Following input during RFC are incooperated into this patch:

Jann Horn: raising awareness and providing valuable insights on the
destructive madvise operations.
Linus Torvalds: assisting in defining system call signature and scope.
Pedro Falcato: suggesting sealing in the mmap().
Liam R. Howlett: perf optimization.

Finally, the idea that inspired this patch comes from Stephen Röttger’s
work in Chrome V8 CFI.

Signed-off-by: Jeff Xu <jeffxu@chromium.org>
---
 include/linux/syscalls.h               |   1 +
 include/uapi/asm-generic/mman-common.h |   8 +
 mm/Makefile                            |   4 +
 mm/internal.h                          |  48 ++++
 mm/madvise.c                           |  12 +
 mm/mmap.c                              |  35 ++-
 mm/mprotect.c                          |  10 +
 mm/mremap.c                            |  31 +++
 mm/mseal.c                             | 343 +++++++++++++++++++++++++
 9 files changed, 491 insertions(+), 1 deletion(-)
 create mode 100644 mm/mseal.c
  

Comments

Eric Biggers Feb. 1, 2024, 11:11 p.m. UTC | #1
On Wed, Jan 31, 2024 at 05:50:24PM +0000, jeffxu@chromium.org wrote:
> [PATCH v8 2/4] mseal: add mseal syscall
[...]
> +/*
> + * The PROT_SEAL defines memory sealing in the prot argument of mmap().
> + */
> +#define PROT_SEAL	0x04000000	/* _BITUL(26) */
> +
>  /* 0x01 - 0x03 are defined in linux/mman.h */
>  #define MAP_TYPE	0x0f		/* Mask for type of mapping */
>  #define MAP_FIXED	0x10		/* Interpret addr exactly */
> @@ -33,6 +38,9 @@
>  #define MAP_UNINITIALIZED 0x4000000	/* For anonymous mmap, memory could be
>  					 * uninitialized */
>  
> +/* map is sealable */
> +#define MAP_SEALABLE	0x8000000	/* _BITUL(27) */

IMO this patch is misleading, as it claims to just be adding a new syscall, but
it actually adds three new UAPIs, only one of which is the new syscall.  The
other two new UAPIs are new flags to the mmap syscall.

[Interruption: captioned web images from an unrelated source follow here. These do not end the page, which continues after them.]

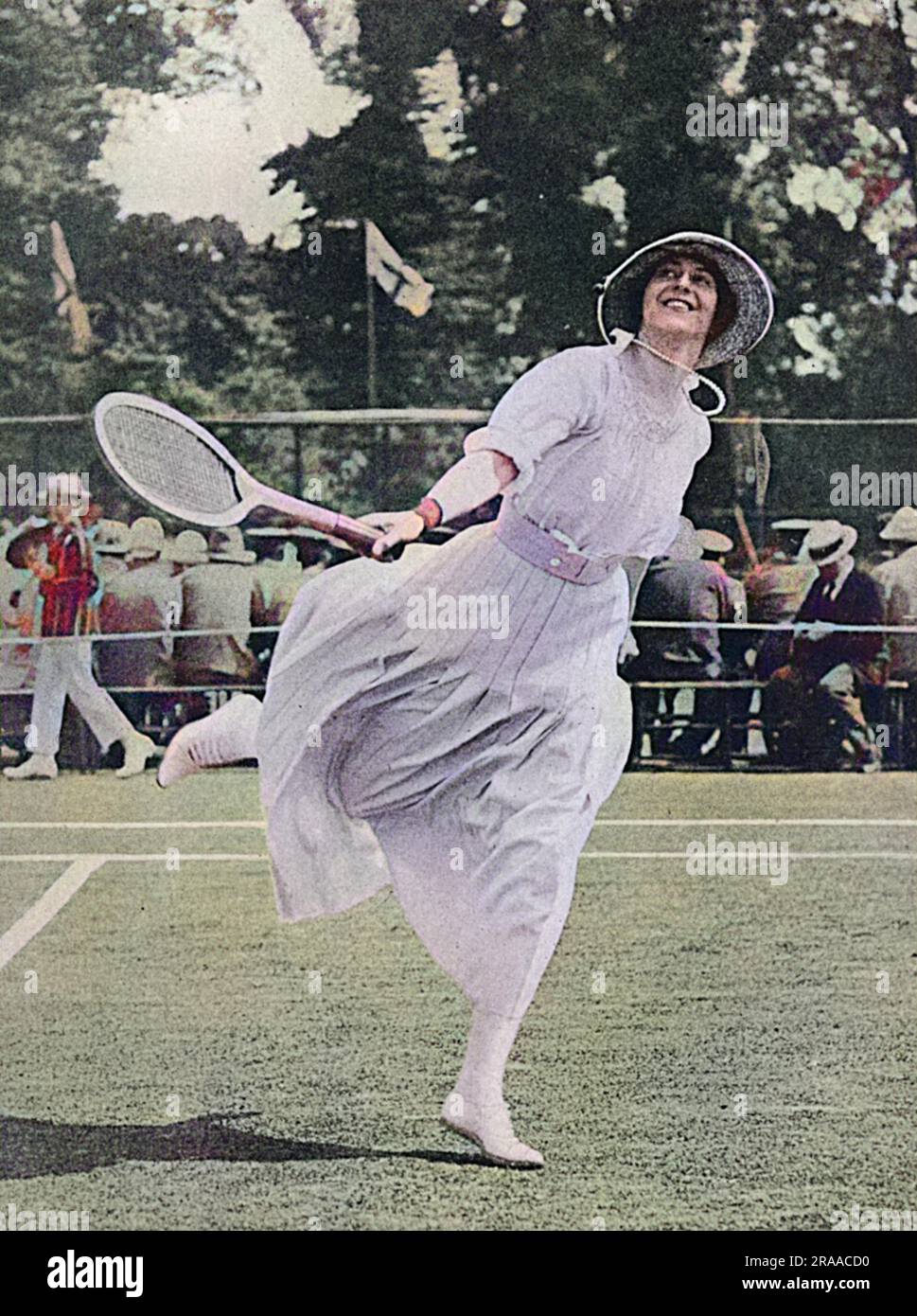 La duchesse de Sutherland, anciennement Lady Eileen Butler, fille aînée de Lord et Lady Lanesborough, prenant part à un tournoi de tennis à Surbiton, organisé à l'aide de fonds de guerre, principalement pour les hôpitaux. Date: 1916 Banque D'Images
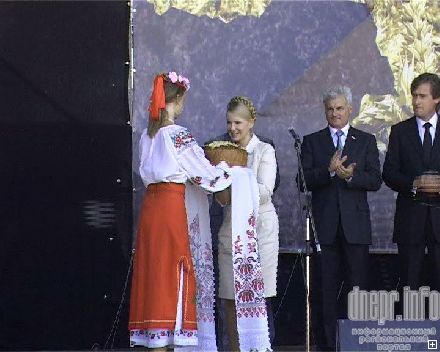 Юлии Тимошенко вручают каравай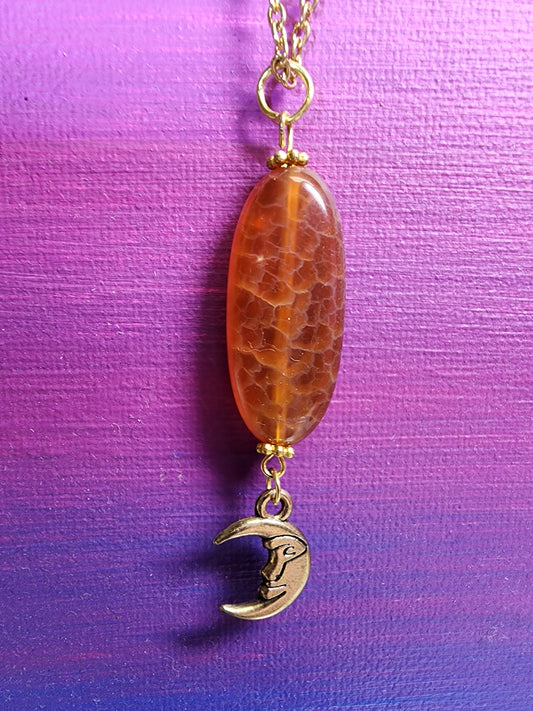 Dyed agate charm necklace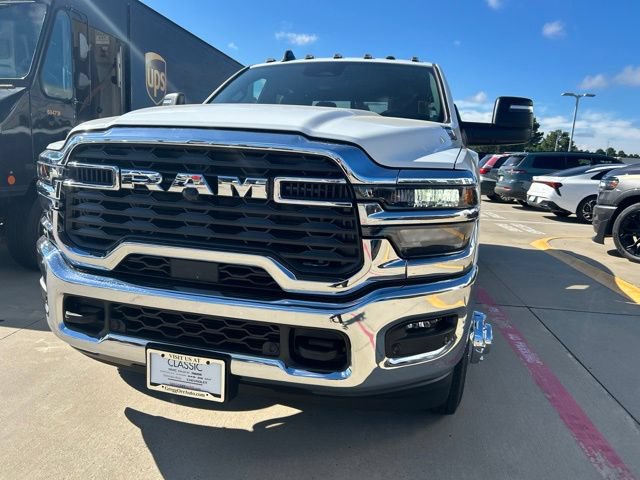 New 2027 RAM 3500 Tradesman AWD/4WD image 3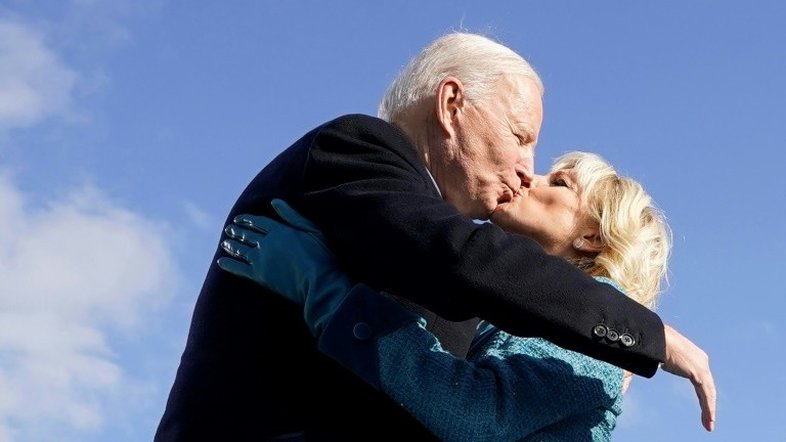 Luvas de lã, saia e Bíblia gigante: momentos inusitados da posse de Biden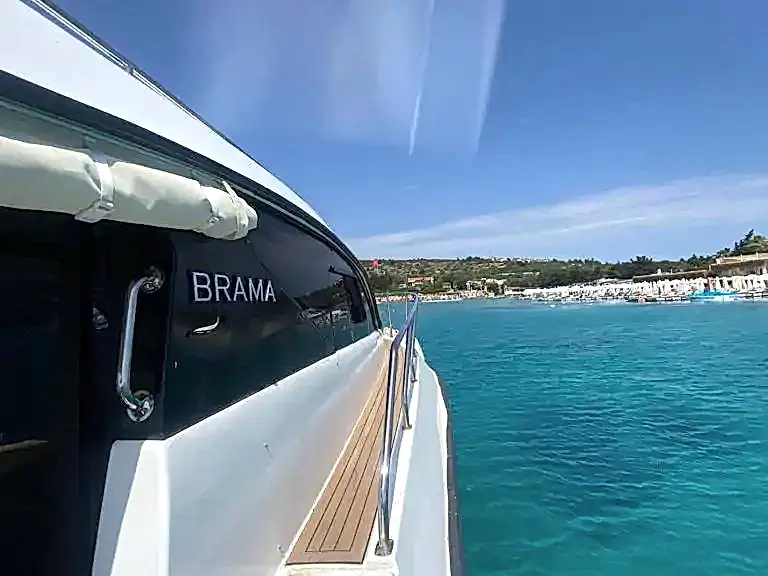 Çeşme Dalyan Yat Kiralama
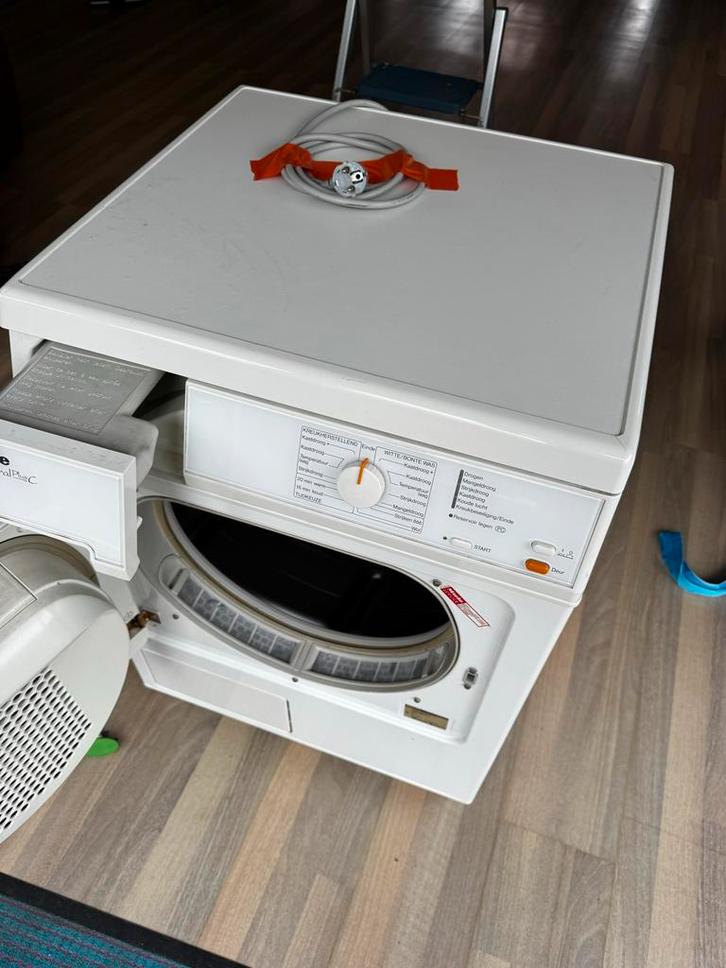 Miele T223C Mistral Plus C Wasdroger, Witgoed en Apparatuur, Wasdrogers, Gebruikt, Condens, Voorlader, 6 tot 8 kg, 85 tot 90 cm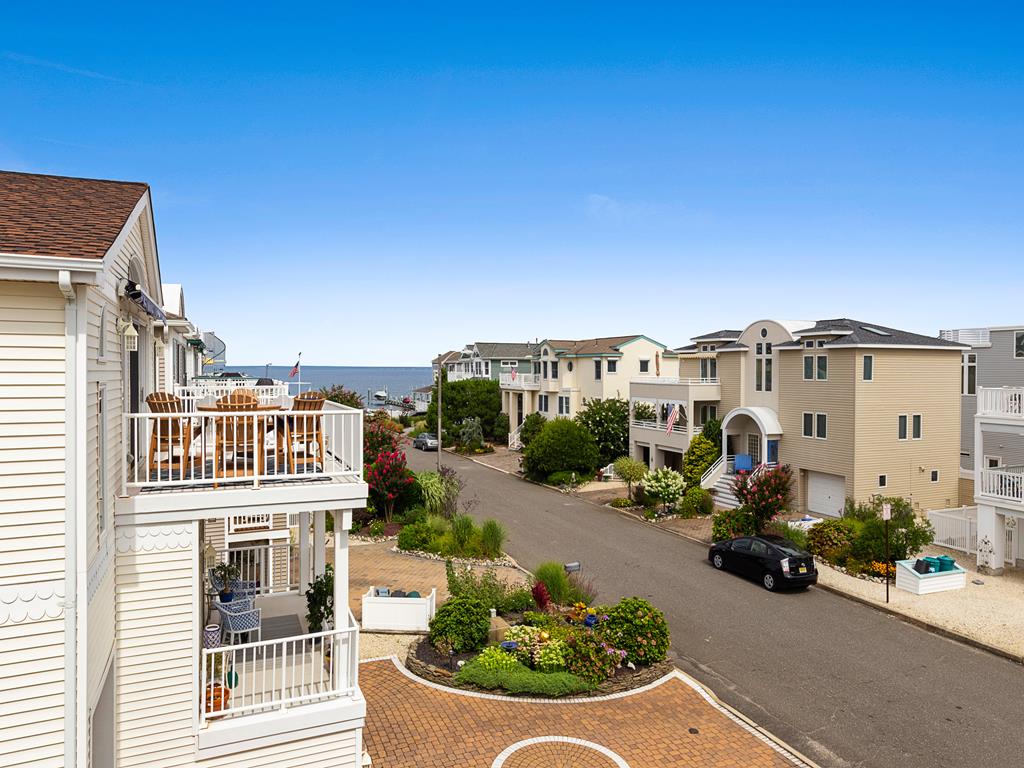 108 W. Hobart Avenue, Beach Haven Crest (Bay Side)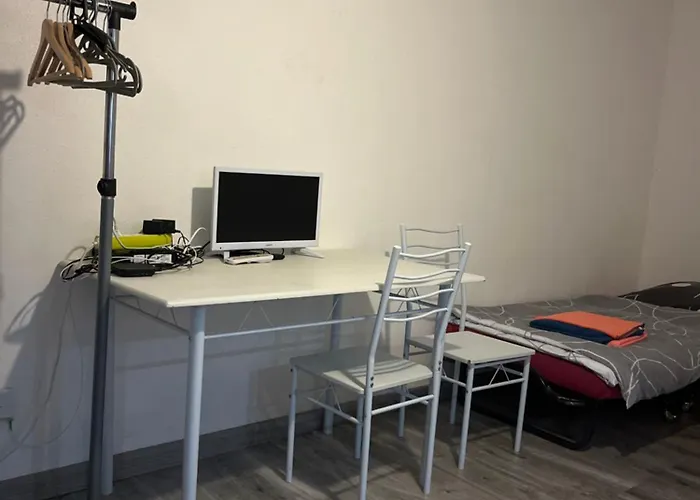 Logement Type Studio 1 Piece Proche Zenith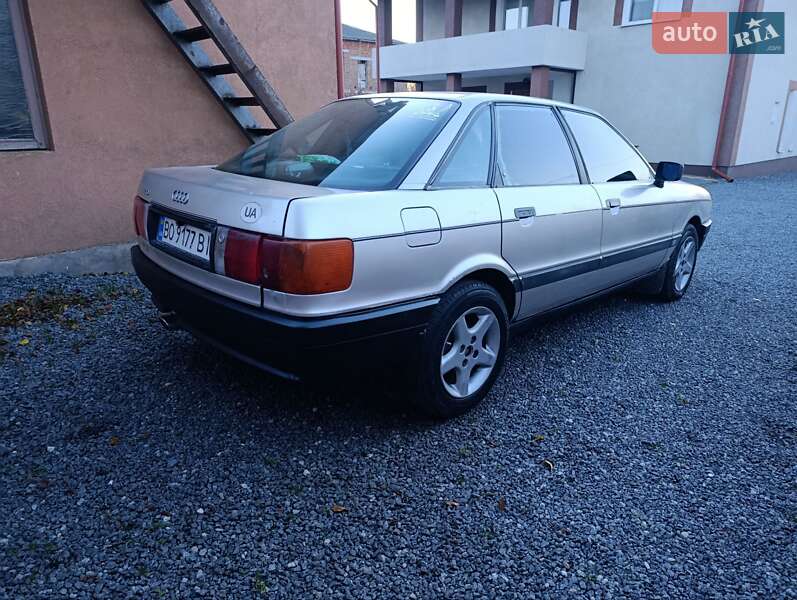 Седан Audi 80 1987 в Ланівці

Based on recent discussions, it seems the usefulness of the new mmap flags has
not yet been established.  Note also that there are only a limited number of
mmap flags remaining, so we should be careful about allocating them.

Therefore, why not start by just adding the mseal syscall, without the new mmap
flags alongside it?

I'll also note that the existing PROT_* flags seem to be conventionally used for
the CPU page protections, as opposed to kernel-specific properties of the VMA
object.  As such, PROT_SEAL feels a bit out of place anyway.  If it's added at
all it perhaps should be a MAP_* flag, not PROT_*.  I'm not sure this aspect has
been properly discussed yet, seeing as the patchset is presented as just adding
sys_mseal().  Some reviewers may not have noticed or considered the new flags.

- Eric
  
Jeff Xu Feb. 2, 2024, 3:30 a.m. UTC | #2
On Thu, Feb 1, 2024 at 3:11 PM Eric Biggers <ebiggers@kernel.org> wrote:
>
> On Wed, Jan 31, 2024 at 05:50:24PM +0000, jeffxu@chromium.org wrote:
> > [PATCH v8 2/4] mseal: add mseal syscall
> [...]
> > +/*
> > + * The PROT_SEAL defines memory sealing in the prot argument of mmap().
> > + */
> > +#define PROT_SEAL    0x04000000      /* _BITUL(26) */
> > +
> >  /* 0x01 - 0x03 are defined in linux/mman.h */
> >  #define MAP_TYPE     0x0f            /* Mask for type of mapping */
> >  #define MAP_FIXED    0x10            /* Interpret addr exactly */
> > @@ -33,6 +38,9 @@
> >  #define MAP_UNINITIALIZED 0x4000000  /* For anonymous mmap, memory could be
> >                                        * uninitialized */
> >
> > +/* map is sealable */
> > +#define MAP_SEALABLE 0x8000000       /* _BITUL(27) */
>
> IMO this patch is misleading, as it claims to just be adding a new syscall, but
> it actually adds three new UAPIs, only one of which is the new syscall.  The
> other two new UAPIs are new flags to the mmap syscall.
>
The description does include all three. I could update the patch title.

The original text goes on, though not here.